Ex-aluno da rede estadual paulista, ele se lembra ter vivido essa situação diversas vezes. "Como aluno, eu lembro dessa sensação horrível de ter aula com um professor que gostava muito e ele sumir. Ficava uma sensação de abandono. Agora vivo isso do ponto de vista do professor."
Aos 69 anos, Israel Silva Júnior trabalha desde 2011 como professor temporário da rede estadual de São Paulo. Apesar de adorar dar aula e ter contato com os estudantes, ele conta que tem buscado outra profissão para ter maior estabilidade financeira e conseguir se aposentar. "Há anos convivo com a instabilidade de ser temporário, mas a situação se agravou muito. Nesse ano, por exemplo, o governo mudou as regras de atribuição e eu fiquei três meses sem receber. Eu sou chefe de família, tenho filho, não posso ficar nessa insegurança", conta.
Em nota, a Secretaria de Educação de São Paulo, do governo Tarcísio de Freitas (Republicanos), disse que reconhece e valoriza os profissionais da rede estadual de ensino. Informou que, depois de uma década sem a contratação de professores efetivos, a pasta realizou um concurso público no ano passado.

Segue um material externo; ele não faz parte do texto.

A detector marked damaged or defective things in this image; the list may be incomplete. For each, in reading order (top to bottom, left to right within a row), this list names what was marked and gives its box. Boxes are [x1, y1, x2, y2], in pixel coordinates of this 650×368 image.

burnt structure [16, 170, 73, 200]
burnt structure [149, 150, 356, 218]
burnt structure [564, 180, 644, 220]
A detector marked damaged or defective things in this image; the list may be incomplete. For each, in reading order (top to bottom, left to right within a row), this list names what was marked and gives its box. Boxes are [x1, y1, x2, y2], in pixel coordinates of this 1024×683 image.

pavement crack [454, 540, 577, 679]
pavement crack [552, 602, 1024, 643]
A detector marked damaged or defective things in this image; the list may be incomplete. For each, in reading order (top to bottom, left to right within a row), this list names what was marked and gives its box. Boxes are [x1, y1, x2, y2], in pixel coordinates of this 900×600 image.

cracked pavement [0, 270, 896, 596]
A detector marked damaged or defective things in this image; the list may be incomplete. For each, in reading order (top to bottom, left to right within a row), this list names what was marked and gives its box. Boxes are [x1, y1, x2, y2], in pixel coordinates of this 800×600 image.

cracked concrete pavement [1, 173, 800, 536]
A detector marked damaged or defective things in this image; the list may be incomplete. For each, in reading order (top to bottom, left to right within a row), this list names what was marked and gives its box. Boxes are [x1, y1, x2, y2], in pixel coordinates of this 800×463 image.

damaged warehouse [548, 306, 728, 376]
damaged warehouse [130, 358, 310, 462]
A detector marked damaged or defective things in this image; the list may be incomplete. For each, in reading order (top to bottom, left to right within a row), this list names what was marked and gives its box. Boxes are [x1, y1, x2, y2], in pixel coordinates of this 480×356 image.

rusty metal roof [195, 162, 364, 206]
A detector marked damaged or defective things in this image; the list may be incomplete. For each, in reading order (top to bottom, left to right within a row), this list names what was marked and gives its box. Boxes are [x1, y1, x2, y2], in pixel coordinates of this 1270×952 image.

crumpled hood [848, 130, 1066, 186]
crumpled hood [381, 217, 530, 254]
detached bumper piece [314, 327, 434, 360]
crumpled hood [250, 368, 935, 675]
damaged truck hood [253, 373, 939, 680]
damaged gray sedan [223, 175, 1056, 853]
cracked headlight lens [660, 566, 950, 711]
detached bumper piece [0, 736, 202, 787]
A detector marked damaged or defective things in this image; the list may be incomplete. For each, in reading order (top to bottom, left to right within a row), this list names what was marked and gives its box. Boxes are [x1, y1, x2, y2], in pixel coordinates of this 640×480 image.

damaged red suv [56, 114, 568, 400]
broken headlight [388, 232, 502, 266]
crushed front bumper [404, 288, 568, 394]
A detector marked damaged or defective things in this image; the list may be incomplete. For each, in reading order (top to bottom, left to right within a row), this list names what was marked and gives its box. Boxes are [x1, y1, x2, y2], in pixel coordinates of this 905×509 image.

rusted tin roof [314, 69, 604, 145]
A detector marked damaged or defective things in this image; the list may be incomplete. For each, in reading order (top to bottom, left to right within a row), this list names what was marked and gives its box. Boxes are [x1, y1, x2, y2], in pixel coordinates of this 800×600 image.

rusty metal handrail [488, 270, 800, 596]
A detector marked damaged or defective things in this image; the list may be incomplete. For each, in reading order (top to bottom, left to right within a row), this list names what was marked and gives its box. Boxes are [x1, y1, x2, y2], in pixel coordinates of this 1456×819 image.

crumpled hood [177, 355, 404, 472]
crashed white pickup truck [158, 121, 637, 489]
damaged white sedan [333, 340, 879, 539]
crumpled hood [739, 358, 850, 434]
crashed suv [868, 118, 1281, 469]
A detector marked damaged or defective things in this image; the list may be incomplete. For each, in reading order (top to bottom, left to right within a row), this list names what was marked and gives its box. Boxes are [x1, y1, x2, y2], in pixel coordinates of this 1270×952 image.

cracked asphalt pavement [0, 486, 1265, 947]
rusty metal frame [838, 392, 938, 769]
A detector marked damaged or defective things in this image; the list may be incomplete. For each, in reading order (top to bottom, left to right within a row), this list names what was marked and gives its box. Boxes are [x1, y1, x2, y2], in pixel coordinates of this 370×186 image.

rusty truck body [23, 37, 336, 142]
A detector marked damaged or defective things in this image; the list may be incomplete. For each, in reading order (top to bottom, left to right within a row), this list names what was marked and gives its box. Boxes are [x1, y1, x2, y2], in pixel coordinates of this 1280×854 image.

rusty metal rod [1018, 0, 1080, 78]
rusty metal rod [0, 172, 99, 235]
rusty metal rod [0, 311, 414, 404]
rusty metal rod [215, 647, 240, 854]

A previsão é que 15 mil docentes de ensino fundamental e médio sejam contratados. Segundo a secretaria, cerca de 12 mil vão ser chamados para começar a dar aulas no próximo ano letivo. Questionada, a pasta não informou quantos professores temporários terão os contratos encerrados no fim deste ano e poderão ficar sem trabalho em 2025.
Como forma de incentivar estados e municípios a fazerem concursos para docente de forma mais frequente e reverter a proporção de temporários, diversas entidades educacionais têm proposto ao Ministério da Educação a criação de uma prova nacional para o ingresso de docentes na rede pública.
A elaboração do exame está sendo avaliada pelo governo Lula (PT), como parte de uma série de estratégias para melhorar a formação e seleção de professores que atuam na educação básica. Em 2012, quando Fernando Haddad era ministro da Educação, uma proposta semelhante foi analisada, mas não avançou.